By default, the Bipartition instances created are immutable. This is to allow them to be used in sets or dictionary keys, and thus exploit O(1) look-up/access performance. The hash value of a Bipartition object is its Bipartition.split_bitmask attribute; two distinct Bipartition objects are considered equivalent even if they refer to different Edge objects on different Tree objects if their Bipartition.split_bitmask values are the same. If you need to modify the values of a Bipartition, you need to set the Bipartition.is_mutable attribute to True. Note that changing any values that modify the hash of a Bipartition instance that is already in a hash container such as a set or dictionary will make that instance or possibly other members of the container inaccessible: never change the value of a Bipartition instance if it is in a set or dictionary.

Calculating Bipartitions on Trees

A large number of DendroPy functions calculate the split and leafset bitmasks in the background: from tree comparison approaches (e.g., calculating the Robinson-Foulds distance), to working with within-tree operations (e.g., finding the most-recent common ancestor between two nodes or patrisitic distances between taxa), to tree-set operations (e.g., building consensus trees or scoring tree leafset credibilities and finding the maximum leafset credibility tree).

When passing trees to these methods and functions, these functions will call Tree.encode_bipartitions automatically for you unless you explicitly specify that this should not be done by passing in ‘is_bipartitions_updated=True‘.

The typical usage idiom in this context would be to:

  1. Establish a common taxon namespace [i.e., creating a global TaxonNamespace object and pass it in to all reading/parsing/input operations]
  2. Read/load the trees, calling Tree.encode_bipartitions on each one.
  3. Perform the calculations, making sure to specify is_bipartitions_updated=True.

For, example, the following snippet shows how you might count the number of trees in a bootstrap file that have the same topology as a tree of interest:

import dendropy
from dendropy.calculate import treecompare
taxa = dendropy.TaxonNamespace()
target_tree = dendropy.Tree.get_from_path(
    "mle.tre",
    "nexus",
    taxon_namespace=taxa)
count = 0
for sup_tree in dendropy.Tree.yield_from_files(
    files=["boots1.tre", "boots2.tre", "boostraps3.tre"],
    schema="nexus",
    taxon_namespace=taxa):
    d = treecompare.symmetric_difference(target_tree, sup_tree)
    if d == 0:
        count += 1
print(count)

For this application, it is simpler just to let the calculations take place in the background.

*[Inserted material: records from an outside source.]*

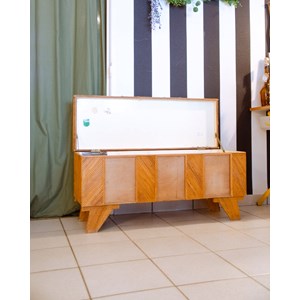 Lucien, le coffre en bambou n°144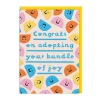 Adopting Your Bundle Of Joy Greeting Card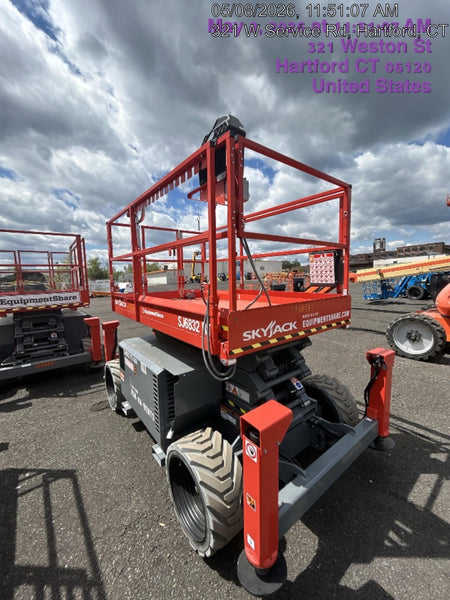 2024 SKYJACK SJ6832 RT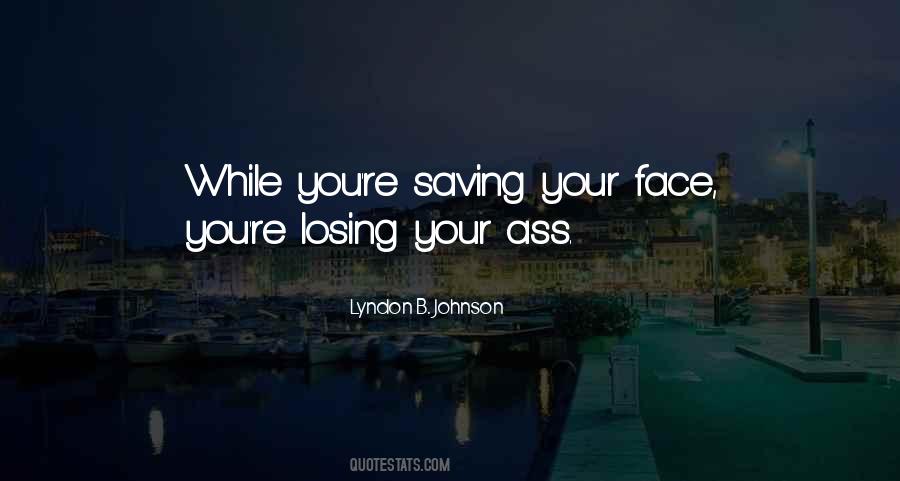 Face You Quotes #1376698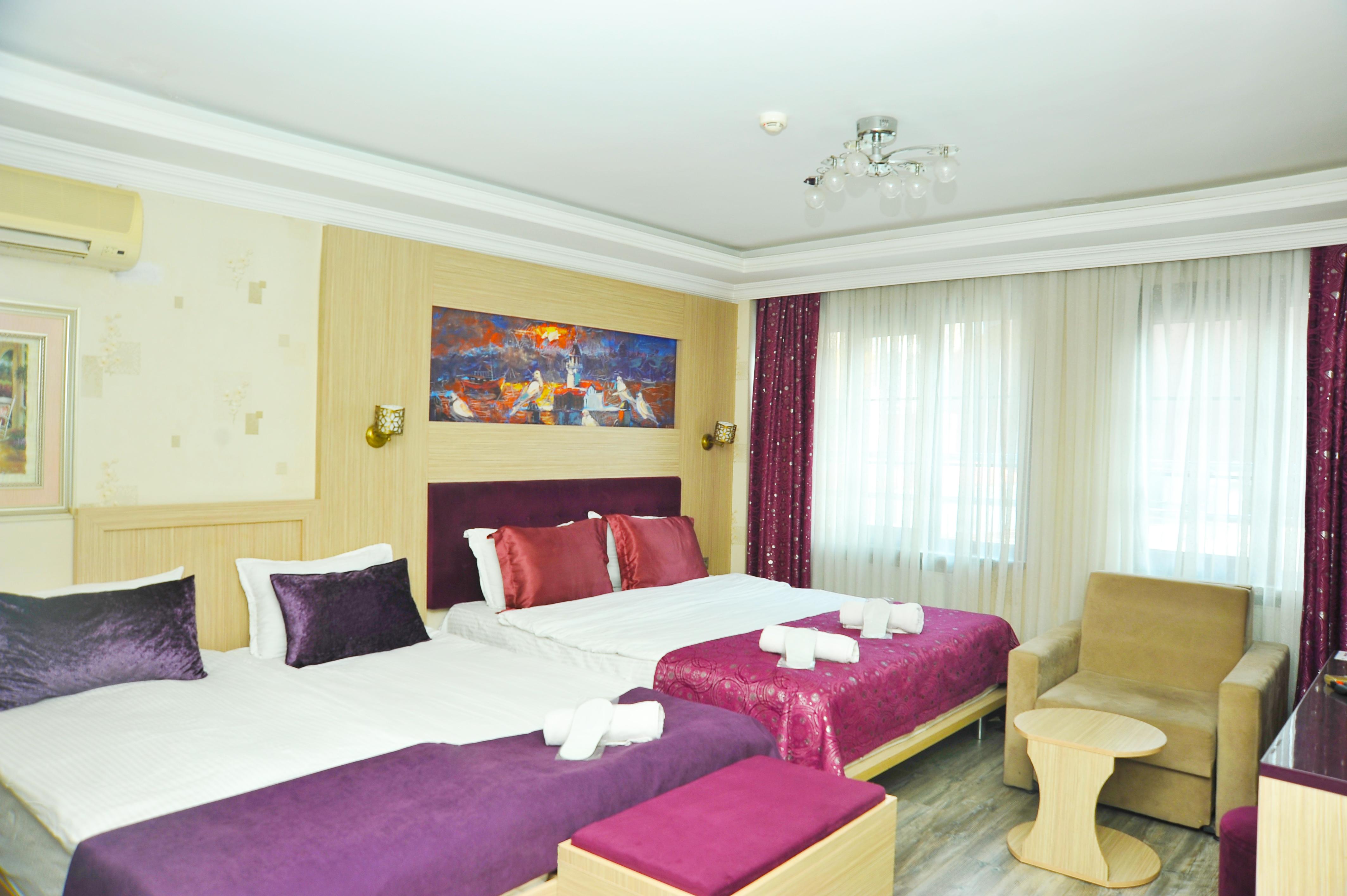 Hotel Saray Istanbul Exterior foto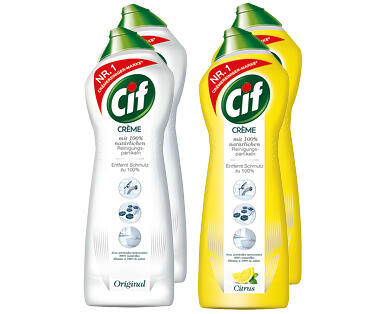 CIF CRÈME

But, for example, if for some reason you wanted to do something more complicated, as it calculating the counts with respect to multiple trees of interest, you should try and avoid the redundant recalculation of the bitmasks:

import dendropy

from dendropy.calculate import treecompare
taxa = dendropy.TaxonNamespace()
tree1 = dendropy.Tree.get_from_path(
    "mle1.tre",
    "nexus",
    taxon_namespace=taxa)
tree1.encode_bipartitions()
tree2 = dendropy.Tree.get_from_path(
    "mle2.tre",
    "nexus",
    taxon_namespace=taxa)
tree2.encode_bipartitions()
counts1 = 0
counts2
for sup_tree in dendropy.Tree.yield_from_files(
    files=["boots1.tre", "boots2.tre", "boostraps3.tre"],
    schema="nexus",
    taxon_namespace=taxa):
    sup_tree.encode_bipartitions()
    if treecompare.symmetric_difference(
            tree1, sup_tree, is_bipartitions_updated=True):
        count1 += 1
    if treecompare.symmetric_difference(
            tree2, sup_tree, is_bipartitions_updated=True):
        count2 += 2
print(count1, count2)

Note that in all cases, for bipartitions to be meaningfully compared two conditions must hold:

  1. The trees must reference the same operational taxonomic unit namespace object, TaxonNamespace.
  2. The trees must have the same rooting state (i.e., all rooted or all unrooted).